II. QUESTÃO EM DISCUSSÃO
6. A questão em discussão consiste em definir se os documentos apresentados pelo contribuinte — recibos, declarações e sentenças judiciais — são aptos a comprovar o efetivo pagamento da pensão alimentícia, de modo a legitimar a dedução das importâncias correspondentes da base de cálculo do IRPF, afastando a glosa fiscal efetuada.
III. RAZÕES DE DECIDIR
7. O art. 373, I, do CPC, impõe à parte autora o ônus da prova quanto ao fato constitutivo do direito alegado, cabendo-lhe demonstrar o efetivo desembolso dos valores deduzidos como pensão alimentícia. Os créditos tributários inscritos em dívida ativa gozam de presunção de liquidez e veracidade (arts. 3º e 16, §2º, da Lei nº 6.830/80), que somente pode ser afastada mediante prova inequívoca em sentido contrário.
8. A Lei nº 9.250/95, em seus arts. 4º, II, e 8º, II, “f”, autoriza a dedução das importâncias pagas a título de pensão alimentícia, desde que decorrentes de decisão judicial, acordo homologado ou escritura pública, mas não dispensa a comprovação do pagamento.
9. No caso concreto, os documentos apresentados pelo apelante — recibo genérico e extemporâneo e cópias de decisões judiciais — não comprovam o efetivo pagamento mensal da pensão, tampouco identificam as datas, valores e beneficiários, sendo insuficientes à demonstração do desembolso exigida pela legislação.
10. A ausência de extratos ou comprovantes bancários que individualizem os pagamentos inviabiliza o acolhimento do pleito, subsistindo a presunção de legitimidade da glosa fiscal.
11. Conforme entendimento consolidado no âmbito deste Tribunal, a lei não impõe forma específica de comprovação, mas exige documentação idônea e contemporânea que demonstre o efetivo pagamento. Recibos genéricos e declarações unilaterais, desacompanhados de comprovação bancária, não se prestam à finalidade dedutiva.

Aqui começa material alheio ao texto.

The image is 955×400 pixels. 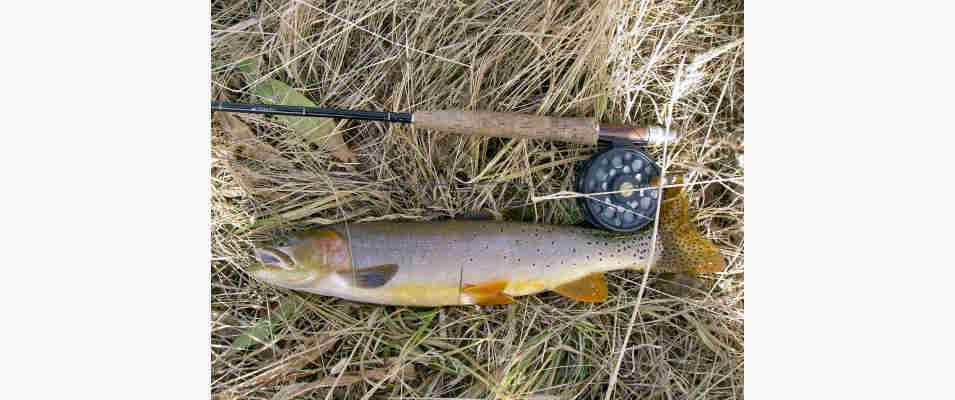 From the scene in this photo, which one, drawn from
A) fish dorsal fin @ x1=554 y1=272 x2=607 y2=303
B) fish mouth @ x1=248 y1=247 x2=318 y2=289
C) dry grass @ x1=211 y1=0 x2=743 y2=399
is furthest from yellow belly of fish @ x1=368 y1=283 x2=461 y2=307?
fish dorsal fin @ x1=554 y1=272 x2=607 y2=303

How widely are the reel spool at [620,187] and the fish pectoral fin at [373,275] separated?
2.60 ft

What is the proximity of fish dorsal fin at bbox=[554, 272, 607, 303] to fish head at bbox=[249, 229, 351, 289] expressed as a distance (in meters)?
0.84

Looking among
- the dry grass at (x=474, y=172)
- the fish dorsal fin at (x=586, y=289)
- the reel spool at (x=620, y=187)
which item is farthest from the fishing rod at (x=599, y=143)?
the fish dorsal fin at (x=586, y=289)

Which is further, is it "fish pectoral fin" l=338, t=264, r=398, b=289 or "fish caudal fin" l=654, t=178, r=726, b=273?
"fish caudal fin" l=654, t=178, r=726, b=273

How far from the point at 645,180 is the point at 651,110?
1.10 ft

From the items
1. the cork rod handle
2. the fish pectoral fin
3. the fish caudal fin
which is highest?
the cork rod handle

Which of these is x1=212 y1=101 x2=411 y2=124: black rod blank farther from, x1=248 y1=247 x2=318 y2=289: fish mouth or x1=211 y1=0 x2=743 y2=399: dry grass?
x1=248 y1=247 x2=318 y2=289: fish mouth

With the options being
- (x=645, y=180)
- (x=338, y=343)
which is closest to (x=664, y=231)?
(x=645, y=180)

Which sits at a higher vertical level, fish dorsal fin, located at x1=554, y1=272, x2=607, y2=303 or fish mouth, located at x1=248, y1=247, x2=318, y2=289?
fish mouth, located at x1=248, y1=247, x2=318, y2=289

12. Nesse sentido, precedentes do TRF2 e do STJ afirmam que “a sentença judicial que determina o pensionamento não basta à comprovação das despesas para fins de IRPF, impondo-se a apresentação de prova documental do efetivo pagamento” (TRF2, AC nº 0216910-47.2017.4.02.5104/RJ, Rel. Des. Fed. Marcus Abraham, 3ª Turma Especializada, julgado em 01/10/2020).
13. Mantida, portanto, a sentença de improcedência, uma vez não comprovado o fato constitutivo do direito alegado.

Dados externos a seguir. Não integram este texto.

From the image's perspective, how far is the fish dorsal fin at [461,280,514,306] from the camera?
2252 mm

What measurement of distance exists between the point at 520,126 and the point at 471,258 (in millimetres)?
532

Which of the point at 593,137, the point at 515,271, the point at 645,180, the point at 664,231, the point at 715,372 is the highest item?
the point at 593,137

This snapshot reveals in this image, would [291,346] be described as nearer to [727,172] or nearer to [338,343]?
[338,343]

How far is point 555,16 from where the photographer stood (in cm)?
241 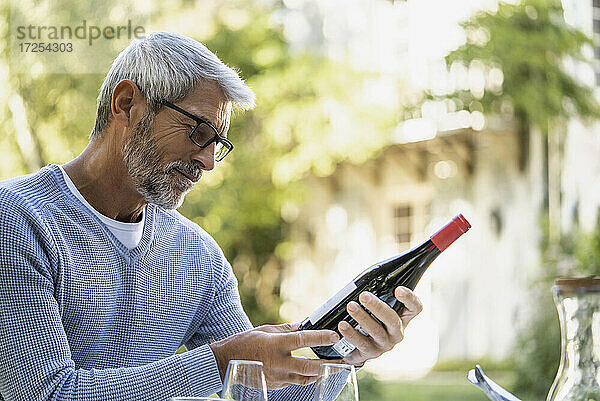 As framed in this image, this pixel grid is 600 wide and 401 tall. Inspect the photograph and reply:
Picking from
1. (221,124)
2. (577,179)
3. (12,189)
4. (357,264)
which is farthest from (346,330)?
(357,264)

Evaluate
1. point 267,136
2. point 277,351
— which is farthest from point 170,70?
point 267,136

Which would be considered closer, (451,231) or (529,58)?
(451,231)

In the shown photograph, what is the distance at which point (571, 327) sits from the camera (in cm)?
89

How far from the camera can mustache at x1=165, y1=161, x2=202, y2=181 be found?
49.4 inches

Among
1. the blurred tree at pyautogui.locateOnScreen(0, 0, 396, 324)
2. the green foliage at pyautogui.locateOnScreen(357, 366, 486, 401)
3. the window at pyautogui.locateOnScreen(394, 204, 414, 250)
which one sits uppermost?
the blurred tree at pyautogui.locateOnScreen(0, 0, 396, 324)

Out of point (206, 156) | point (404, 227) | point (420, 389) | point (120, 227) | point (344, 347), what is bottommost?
point (420, 389)

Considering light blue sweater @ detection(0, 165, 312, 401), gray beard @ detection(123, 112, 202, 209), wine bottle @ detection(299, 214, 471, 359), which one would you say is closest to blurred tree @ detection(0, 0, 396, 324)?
light blue sweater @ detection(0, 165, 312, 401)

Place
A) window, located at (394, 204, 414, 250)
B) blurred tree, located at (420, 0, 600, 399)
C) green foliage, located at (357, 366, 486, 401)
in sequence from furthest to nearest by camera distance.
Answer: window, located at (394, 204, 414, 250) → blurred tree, located at (420, 0, 600, 399) → green foliage, located at (357, 366, 486, 401)

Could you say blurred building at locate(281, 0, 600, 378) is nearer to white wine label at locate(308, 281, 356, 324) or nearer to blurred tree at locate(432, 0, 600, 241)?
blurred tree at locate(432, 0, 600, 241)

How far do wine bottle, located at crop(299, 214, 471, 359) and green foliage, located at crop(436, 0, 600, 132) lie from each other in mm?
5551

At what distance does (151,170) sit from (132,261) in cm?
14

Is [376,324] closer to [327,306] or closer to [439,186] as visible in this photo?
[327,306]

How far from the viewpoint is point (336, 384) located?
0.79m

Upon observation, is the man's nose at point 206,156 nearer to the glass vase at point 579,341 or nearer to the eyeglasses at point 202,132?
the eyeglasses at point 202,132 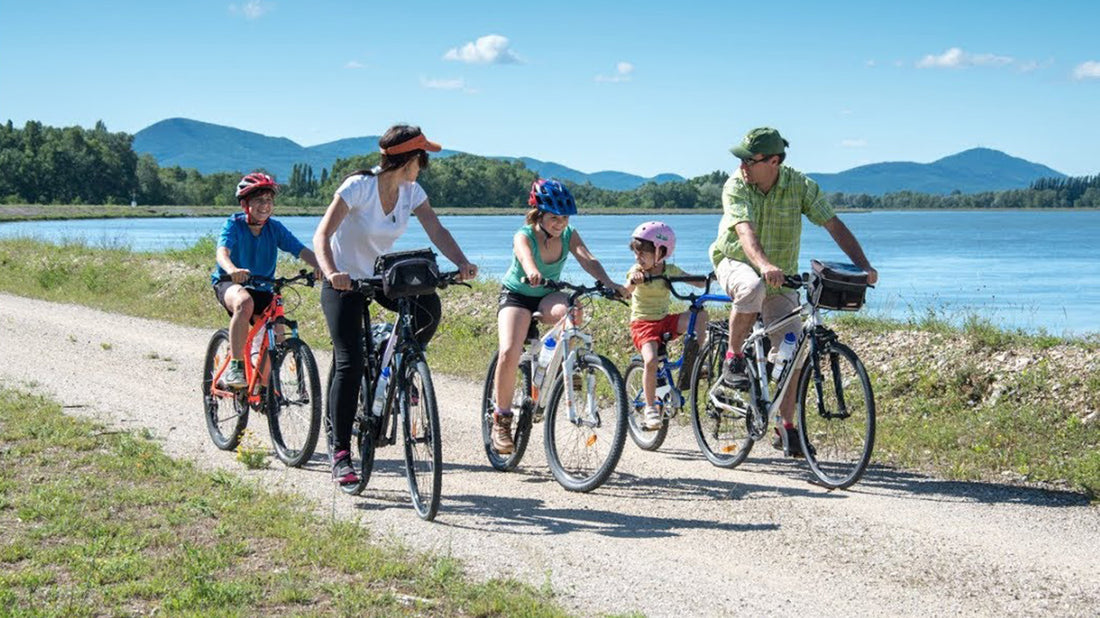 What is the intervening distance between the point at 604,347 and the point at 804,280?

14. Majoram-se os honorários advocatícios de sucumbência em 1%, nos termos do art. 85, §11, do CPC, em razão do desprovimento do recurso.
IV. DISPOSITIVO E TESE
15. Recurso conhecido e desprovido, mantendo-se integralmente a sentença de improcedência.

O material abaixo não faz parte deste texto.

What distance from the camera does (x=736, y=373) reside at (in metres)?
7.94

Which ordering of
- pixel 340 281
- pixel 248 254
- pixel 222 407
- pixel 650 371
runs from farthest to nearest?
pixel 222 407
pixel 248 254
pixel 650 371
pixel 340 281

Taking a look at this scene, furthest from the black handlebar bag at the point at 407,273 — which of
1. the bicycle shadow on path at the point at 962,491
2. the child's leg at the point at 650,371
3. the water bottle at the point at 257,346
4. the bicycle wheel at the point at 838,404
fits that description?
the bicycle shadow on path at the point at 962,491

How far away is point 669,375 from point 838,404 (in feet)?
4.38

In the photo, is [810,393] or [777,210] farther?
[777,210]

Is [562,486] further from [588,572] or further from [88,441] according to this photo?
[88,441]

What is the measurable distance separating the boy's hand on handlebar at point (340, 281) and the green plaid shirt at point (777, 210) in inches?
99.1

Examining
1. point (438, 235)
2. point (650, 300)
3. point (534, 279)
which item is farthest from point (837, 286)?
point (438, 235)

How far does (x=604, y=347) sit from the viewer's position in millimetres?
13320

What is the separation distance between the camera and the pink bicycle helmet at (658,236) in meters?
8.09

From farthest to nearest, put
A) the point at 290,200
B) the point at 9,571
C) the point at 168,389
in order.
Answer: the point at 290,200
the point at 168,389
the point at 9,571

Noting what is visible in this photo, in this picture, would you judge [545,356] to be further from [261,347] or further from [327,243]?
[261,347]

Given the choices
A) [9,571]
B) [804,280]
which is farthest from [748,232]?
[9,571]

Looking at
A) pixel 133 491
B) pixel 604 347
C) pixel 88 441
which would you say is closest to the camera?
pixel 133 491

Tese de julgamento: “A dedução de valores pagos a título de pensão alimentícia na base de cálculo do IRPF exige prova idônea e contemporânea do efetivo desembolso, não bastando recibos genéricos, declarações extemporâneas ou a mera existência de decisão judicial que fixe o pensionamento.”
Dispositivos relevantes citados: CPC, art. 19, I; art. 373, I; art. 85, § 11; Lei nº 6.830/80, art. 3º, parágrafo único; art. 16, § 2º; Lei nº 9.250/95, art. 4º, II; art. 8º, II, f; Instrução Normativa SRF nº 15/2001, arts. 49 e 50.
Jurisprudência relevante citada: TRF2, Apelação Cível nº 0111774-50.2015.4.02.5001, 3ª Turma Especializada, Rel. Des. Paulo Leite, j. 19/05/2023; TRF2, AC nº 0216910-47.2017.4.02.5104/RJ, Rel. Des. Marcus Abraham, 3ª Turma Especializada, j. 01/10/2020.
ACÓRDÃO
Vistos e relatados estes autos em que são partes as acima indicadas, a Egrégia 4ª Turma Especializada do Tribunal Regional Federal da 2ª Região decidiu, por unanimidade, conhecer e negar provimento ao recurso, nos termos do relatório, votos e notas de julgamento que ficam fazendo parte integrante do presente julgado.
Rio de Janeiro, 04 de novembro de 2025.